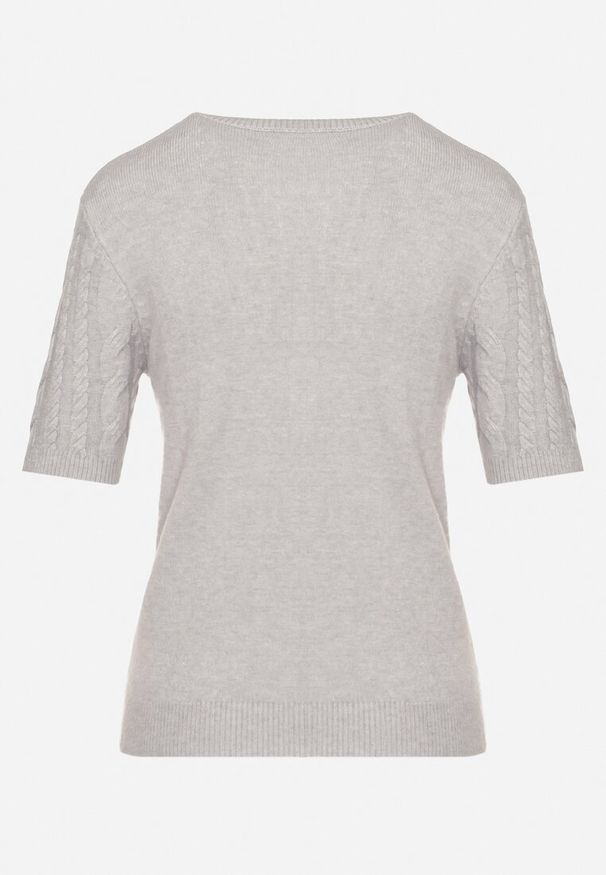 Born2be - Szara Bluzka z Bawełną i Wiskozą Ozdobiona Splotem Merithana. Okazja: na co dzień. Typ kołnierza: dekolt w serek. Kolor: szary. Materiał: bawełna, wiskoza. Długość rękawa: krótki rękaw. Długość: krótkie. Wzór: aplikacja, ze splotem. Styl: klasyczny, casual, elegancki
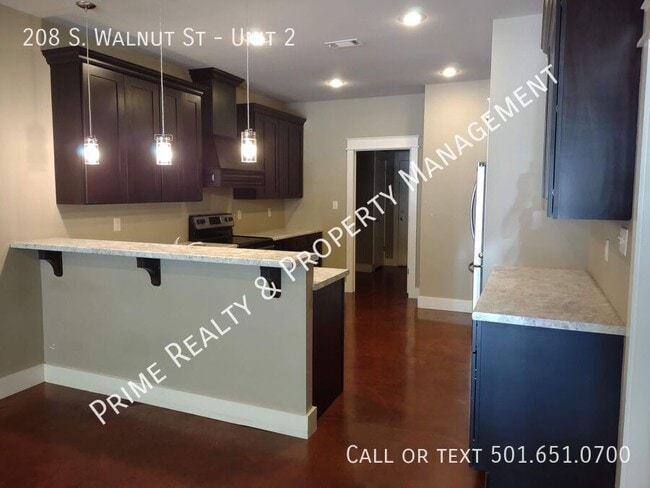 Building Photo - 208 S Walnut St
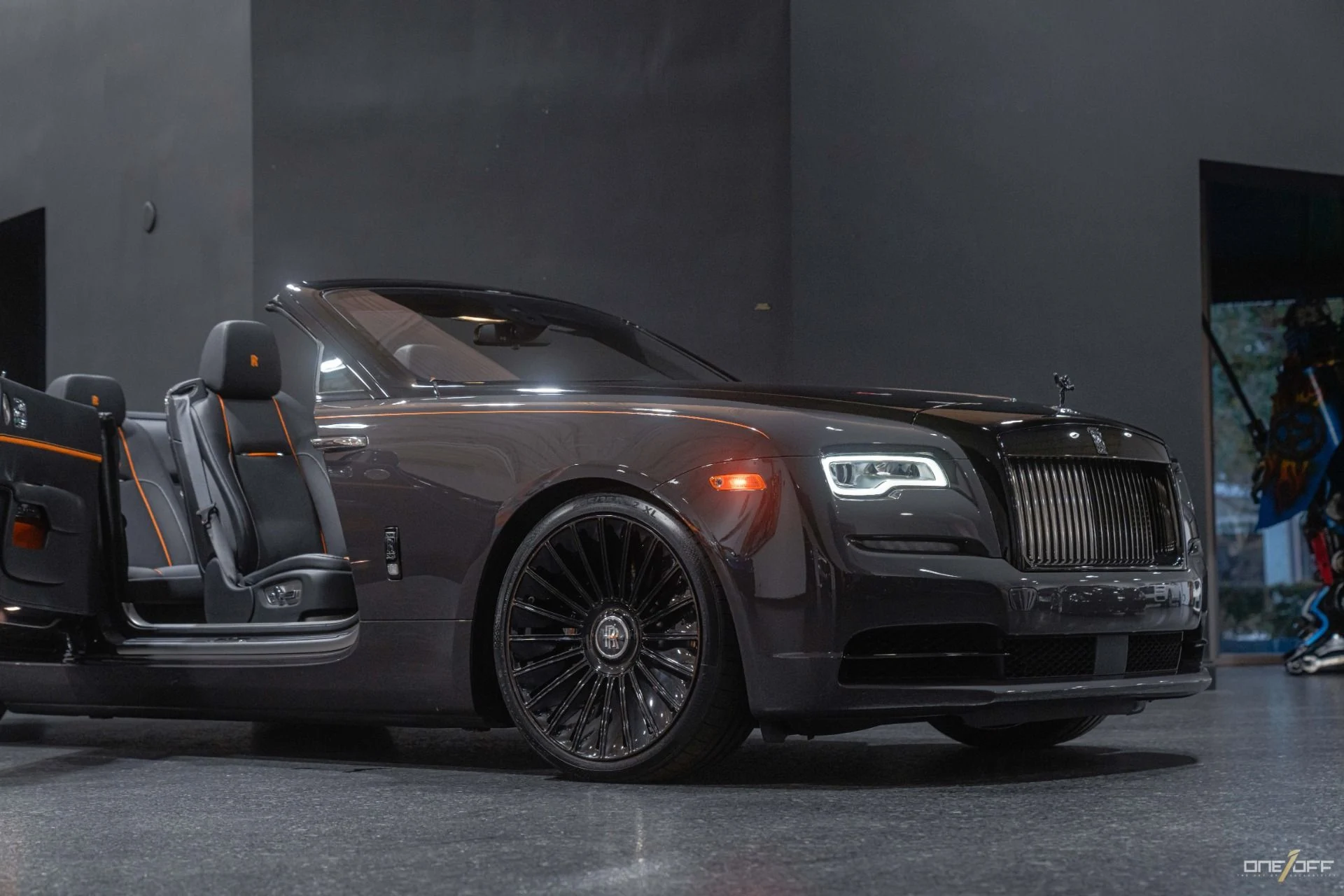 mph017_740605314_Used_2018_Rolls_Royce_Dawn_1_of_1_Bespoke_Special_Order_Black_Badge_1731615753_bc6fd063d5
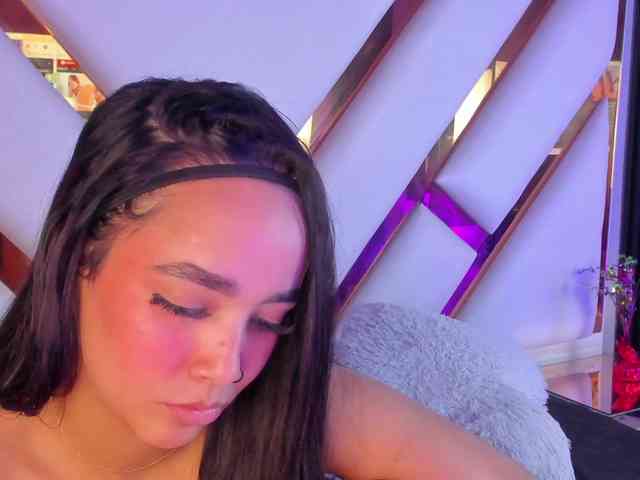 Gisell-Montoy webcam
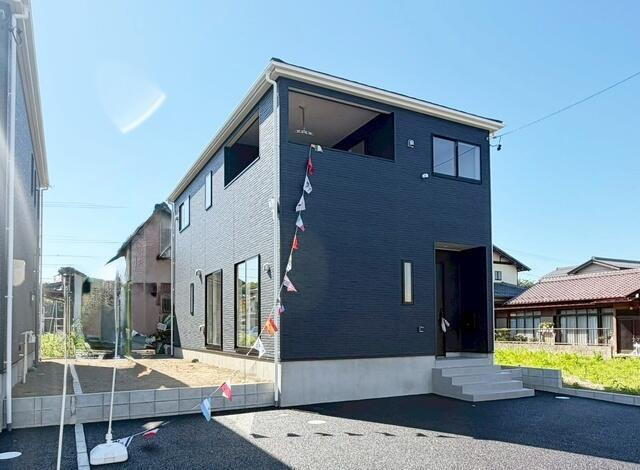 仲介手数料無料）一宮市木曽川町里小牧　第１１の外観|きれいな外観です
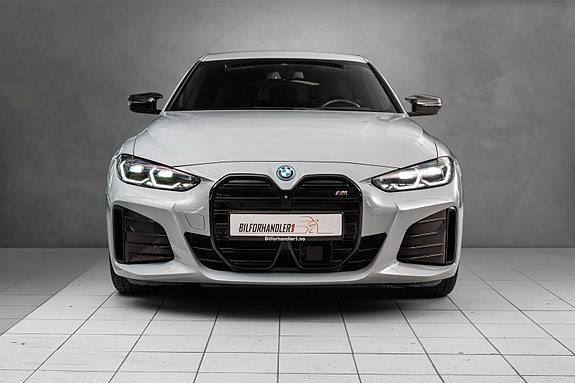 BMW i4 3 of 30
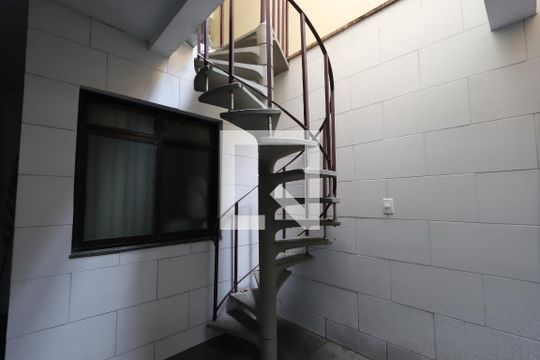 Garagem - escada de casa à venda com 3 quartos, 100m² em Vila Zelina, São Paulo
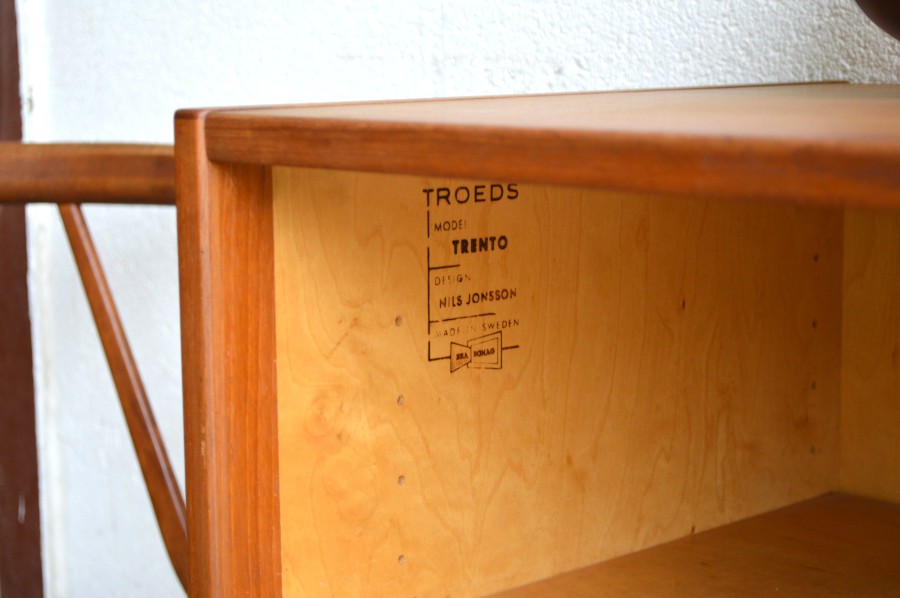 enfilade-scandinave-vintage-nils-jonsson-teck-coulissant-blackmint-paris-15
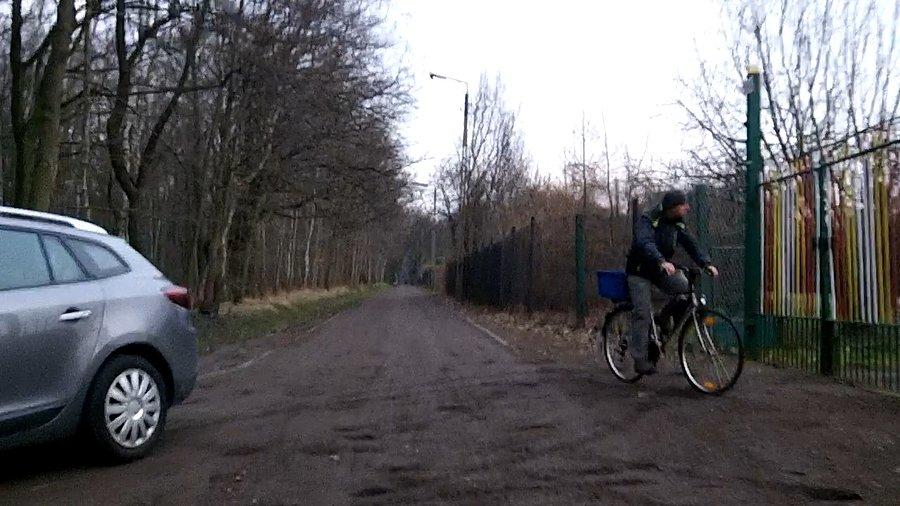 Ósmy rowerzysta przy wjeździe do ogródków działkowych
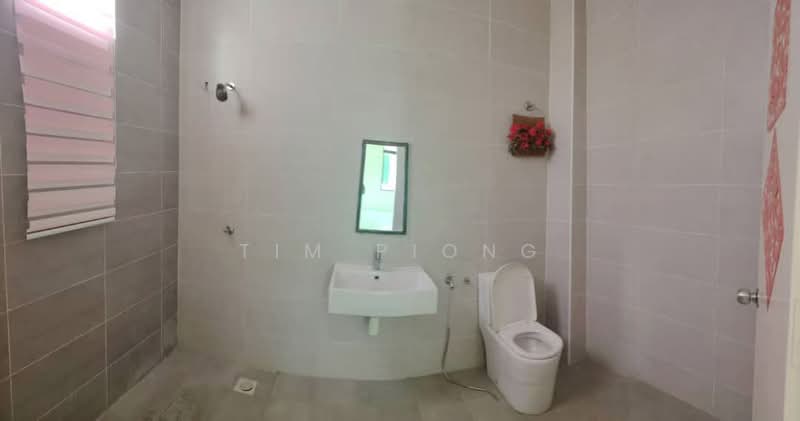 Rumah Berkembar untuk Dijual di Taman Ozana Impian (Bukit Katil) - Tim Piong - Bathroom - PropertyGuru.com.my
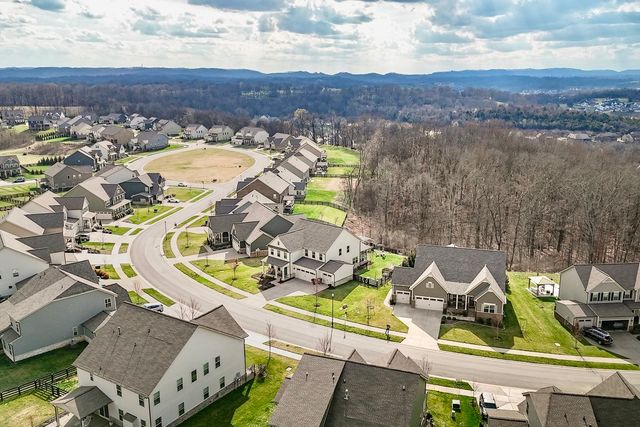 7145 Sky Meadow Dr, College Grove, TN 37046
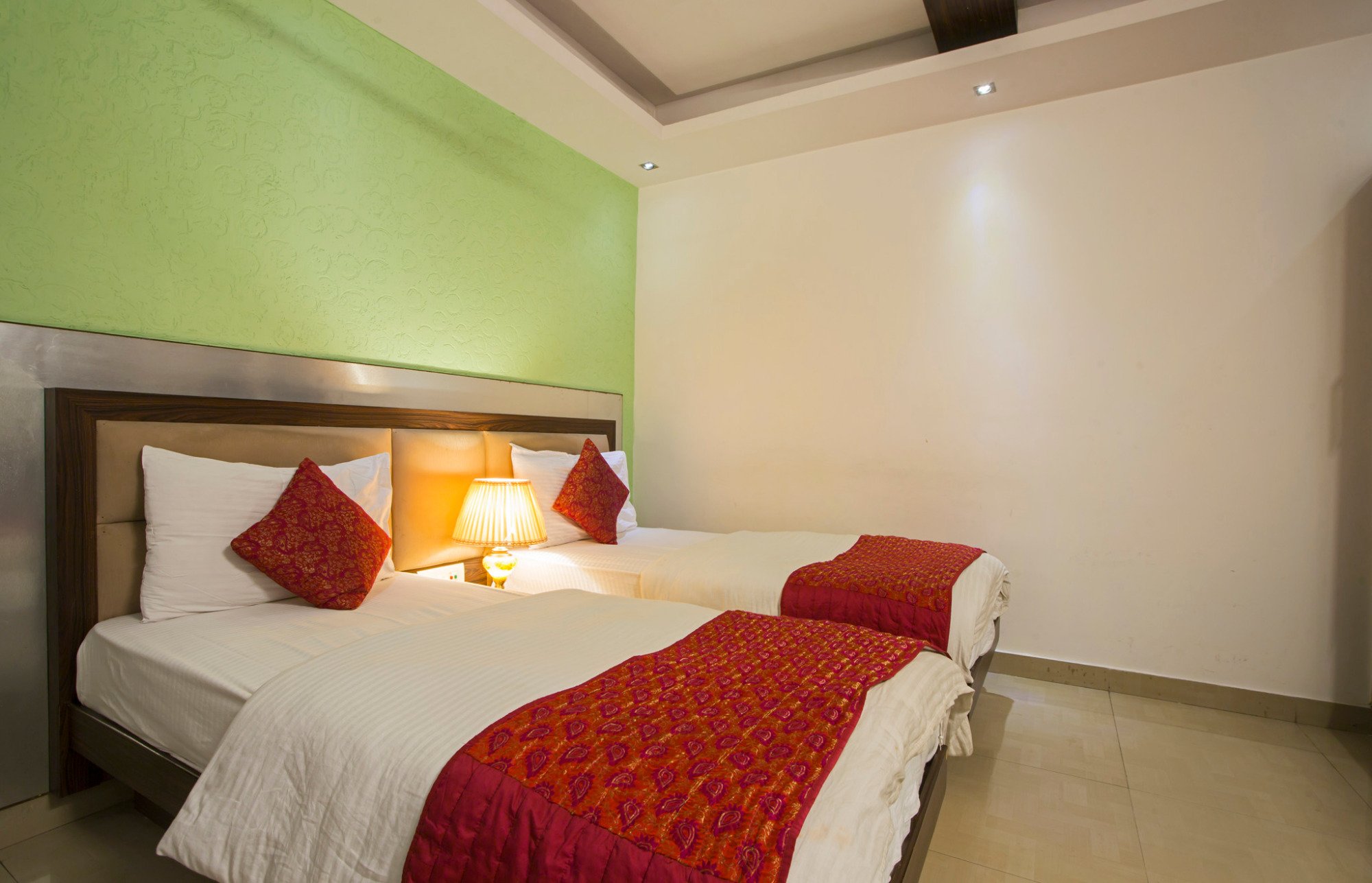 HOTEL SHRI VINAYAK - Updated 2024 Prices & Reviews (New Delhi, India)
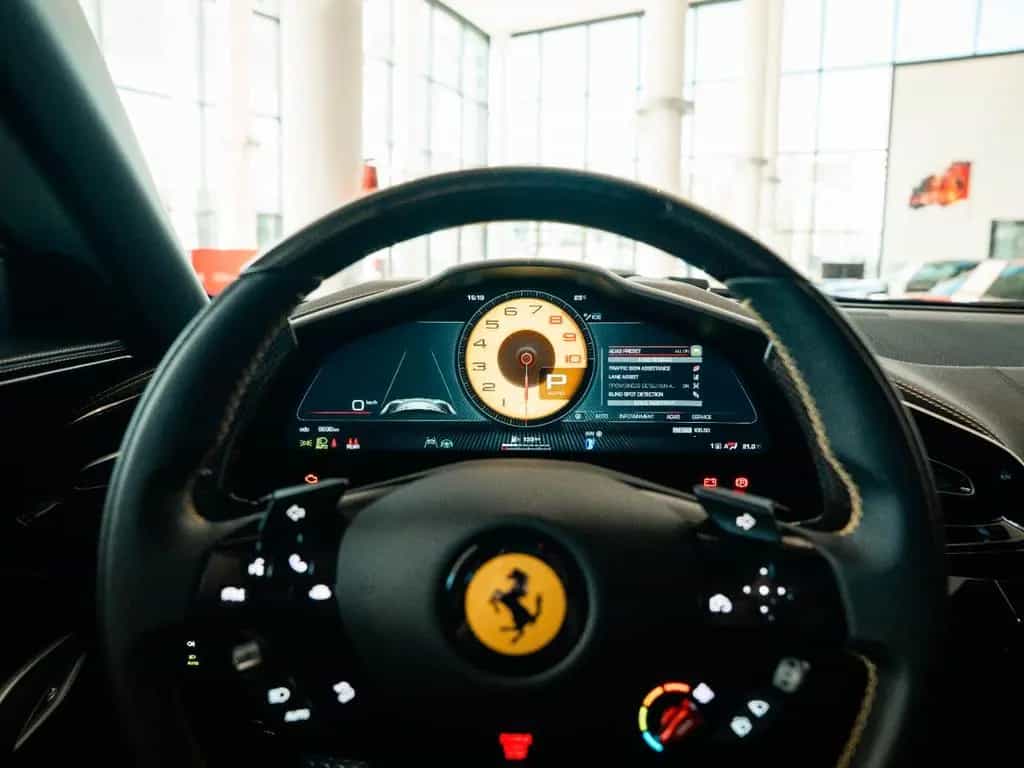 Ferrari Purosangue Panoramadach*Burmester*360°-View 02/2025-photo-19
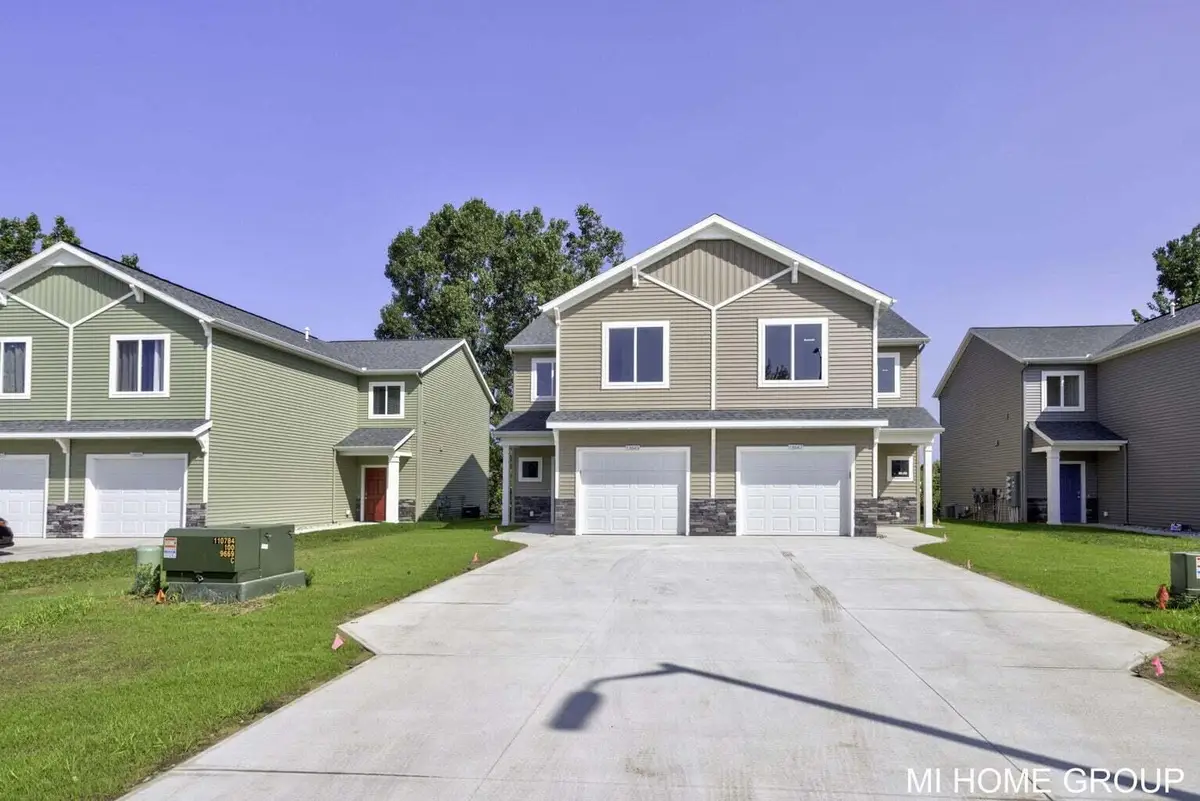 13652 Signature Drive, Holland, MI 49424 - Image #1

__TASK BRIEF__
Above, find the line holding "仲介手数料無料）一宮市木曽川町里小牧　第１１の外観|きれいな外観です" and the line holding "HOTEL SHRI VINAYAK". Print exactly those two lines and every line between them, but no pictures.

__RESPONSE TO THE EXERCISE__
 仲介手数料無料）一宮市木曽川町里小牧　第１１の外観|きれいな外観です
 BMW i4 3 of 30
 Garagem - escada de casa à venda com 3 quartos, 100m² em Vila Zelina, São Paulo
 enfilade-scandinave-vintage-nils-jonsson-teck-coulissant-blackmint-paris-15
 Ósmy rowerzysta przy wjeździe do ogródków działkowych
 Rumah Berkembar untuk Dijual di Taman Ozana Impian (Bukit Katil) - Tim Piong - Bathroom - PropertyGuru.com.my
 7145 Sky Meadow Dr, College Grove, TN 37046
 HOTEL SHRI VINAYAK - Updated 2024 Prices & Reviews (New Delhi, India)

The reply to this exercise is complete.